Image-text web data
-- Opening Marker --

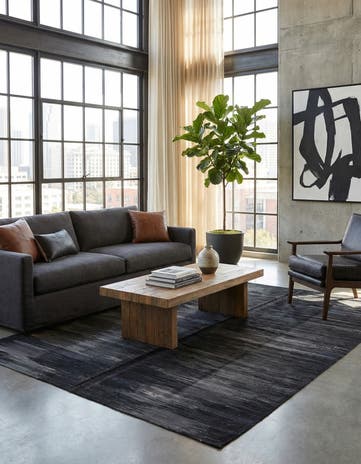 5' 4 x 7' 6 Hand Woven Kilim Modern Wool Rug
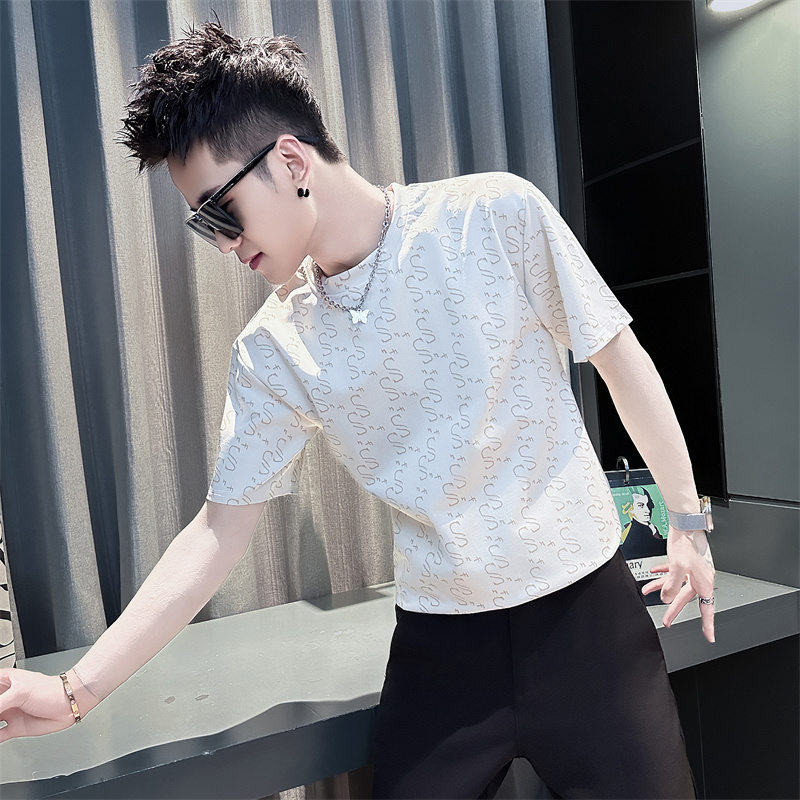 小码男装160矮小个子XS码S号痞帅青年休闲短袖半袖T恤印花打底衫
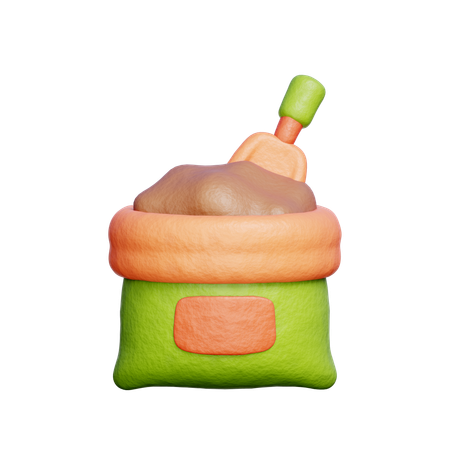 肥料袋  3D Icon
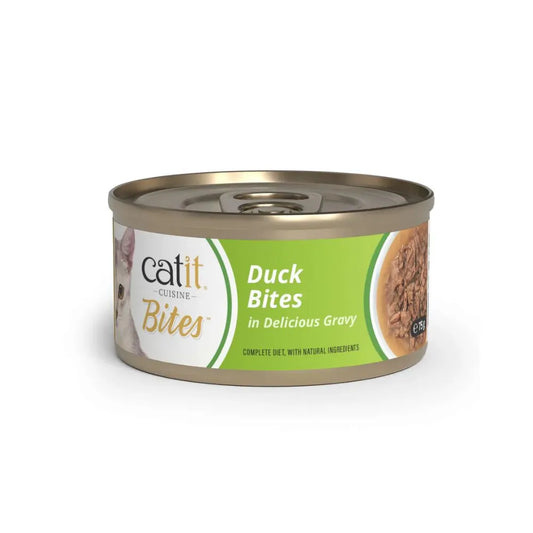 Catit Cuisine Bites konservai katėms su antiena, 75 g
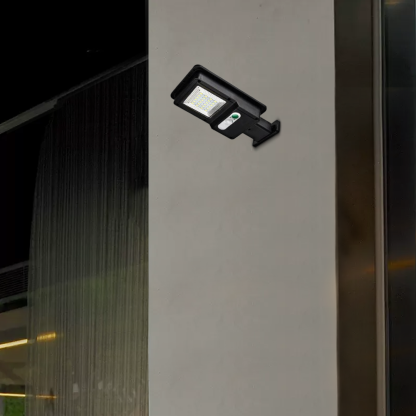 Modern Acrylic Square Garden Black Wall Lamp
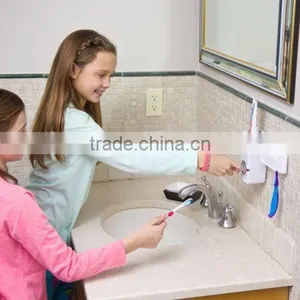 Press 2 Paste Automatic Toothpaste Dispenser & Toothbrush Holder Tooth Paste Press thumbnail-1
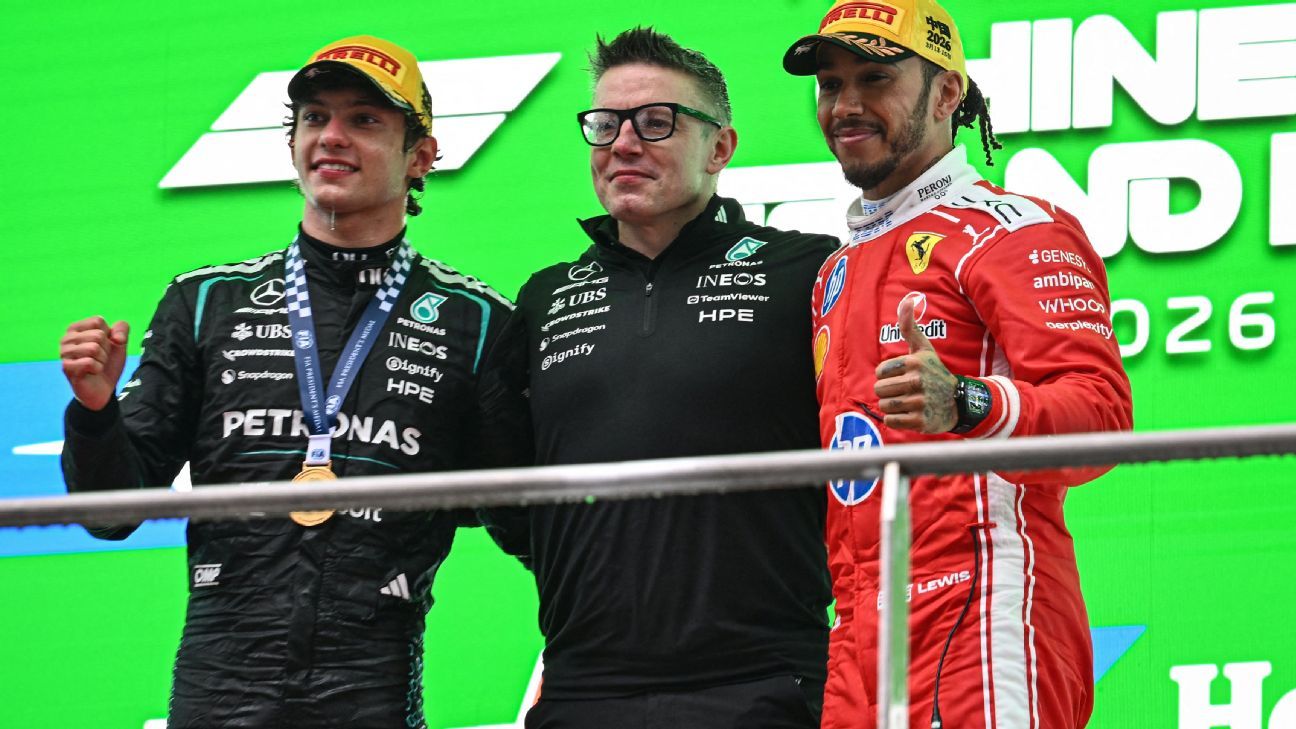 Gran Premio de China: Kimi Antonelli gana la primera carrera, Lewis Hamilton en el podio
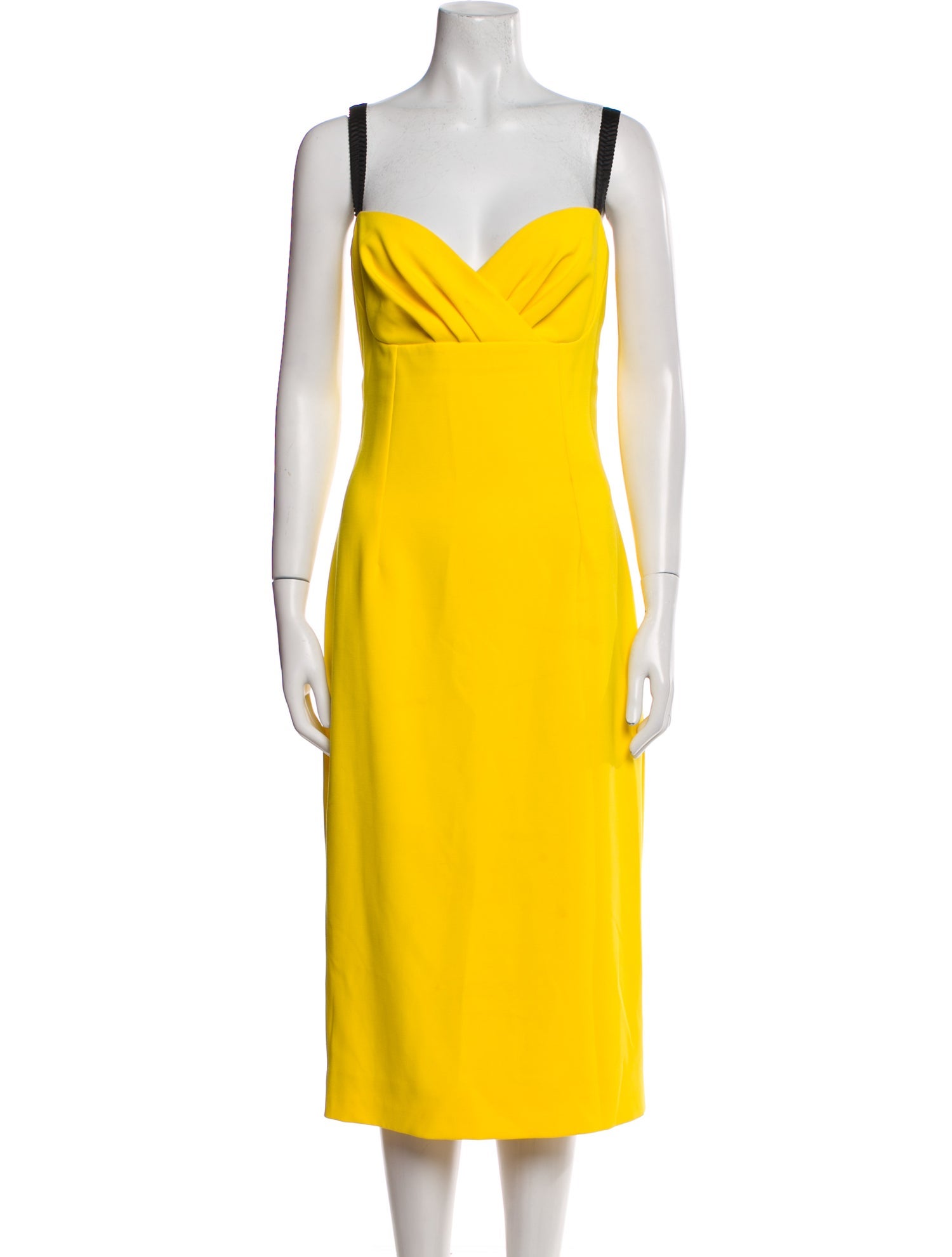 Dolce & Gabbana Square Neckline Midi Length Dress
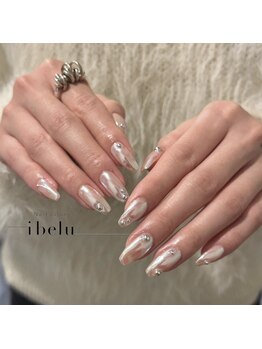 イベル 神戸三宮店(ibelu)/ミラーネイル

-- Closing Marker --

■ Your objective:
Each record above should come back exactly the same, only without its pictures.

■ Expected output:
 5' 4 x 7' 6 Hand Woven Kilim Modern Wool Rug
 小码男装160矮小个子XS码S号痞帅青年休闲短袖半袖T恤印花打底衫
 肥料袋  3D Icon
 Catit Cuisine Bites konservai katėms su antiena, 75 g
 Modern Acrylic Square Garden Black Wall Lamp
 Press 2 Paste Automatic Toothpaste Dispenser & Toothbrush Holder Tooth Paste Press thumbnail-1
 Gran Premio de China: Kimi Antonelli gana la primera carrera, Lewis Hamilton en el podio
 Dolce & Gabbana Square Neckline Midi Length Dress
 イベル 神戸三宮店(ibelu)/ミラーネイル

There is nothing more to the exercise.